Marcin Sobolev, fidèle à son propos engagé, a créé des maisons d’oiseaux faussement mièvres. Avec des pompons colorés en guise de fondations, elles ont l’apparence de jouets, mais le propos de l’artiste est tout autre : « A l'abri de toute zone industrielle, les blocs ouvriers poussent comme des champignons... Mon travail est issu de l'énergie que dégage la beauté cachée contenue derrière ces façades en béton... une porte ouverte sur la convivialité de ces lieux appréhendés comme hostiles. » Marcin Sobolev, avec ses maisonnettes, tend chaleureusement le bras vers la réconciliation générale.
Impossible d’imaginer la célébration (surtout du Nouvel An, largement fêtée et arrosée en Russie) sans une « real party », où la sexualité païenne se mélange à la crainte de l’arrivée de fin du monde.
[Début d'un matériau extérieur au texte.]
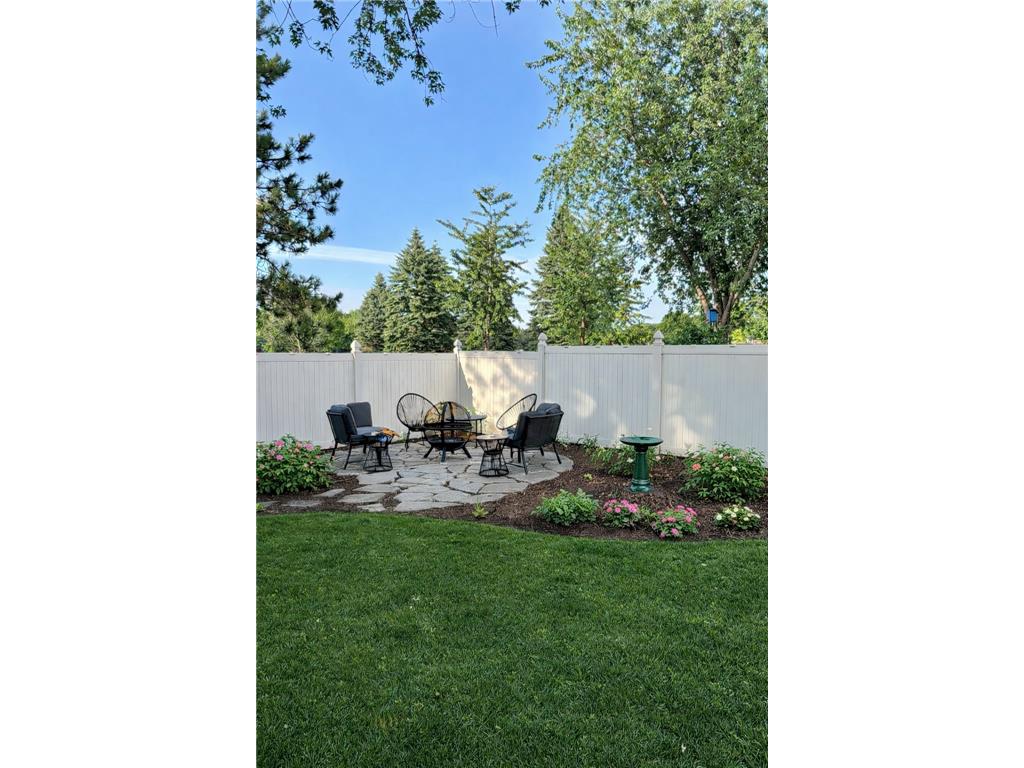 2946 Mcknight Road N Maplewood MN 55109 7064869 image46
Les désirs débridés et les peurs transférées se traduisent différement, selon les artistes de RTR. Pour Margo Ovcharenko, c’est la complicité malicieuse du réveillon ou la rêverie des lendemains de fête.
Pour Alexander Dashevsky, c'est le moment idéal pour faire un bilan cynique. Les « Papillons » - une collection de petits nœuds pris sur la lingerie féminine - est le récit d’un homme qui a adopté un regard quantitatif sur le monde. Sa vie s'est transformée en chasse aux grades, aux classements, aux niveaux. Sa mémoire n'est plus qu'un stockage de chiffres. L'unique chose qui l’intéresse chez l'autre est son numéro de placement qu'il va lui attribuer dans sa collection. Sans s’ouvrir à personne, sans communiquer. Ce qui lui reste est une contemplation silencieuse de sa collection, à laquelle il nous convie tristement.
Natalia Taravkova, pour éclairer la fête, nous lance un pop-virus. Sa boule à facettes, accessoire incontournable des soirées disco, dont les thèmes favoris restent le sexe, la vie et la nuit, se hérisse de plusieurs épines. Cet objet lumineux nous attire et crée une ambiance particulière, voire menaçante, reflétant avec ses dizaines de petits miroirs la fameuse maxime « Sex, drugs and rock 'n' roll », autre facette du caractère libre de la culture pop. Clin d'oeil conscient aux années 1980, quand l'épidémie du SIDA chassait les paillettes et le discours des musiciens devenait plus politique.
Enfin, Dmitry Sokolenko reconsidère l’échange frénétique des cartes de voeux en occasion rêvée pour un acte artistique. Passionné de football, l'artiste envoie un carton jaune suivi d'un carton rouge, sans indication d’expéditeur : un tir ciblé sur la ligne de conduite ! En prévision des bonnes résolutions...
Une remise au point pas comme les autres à la galerie RTR. Encore une fois.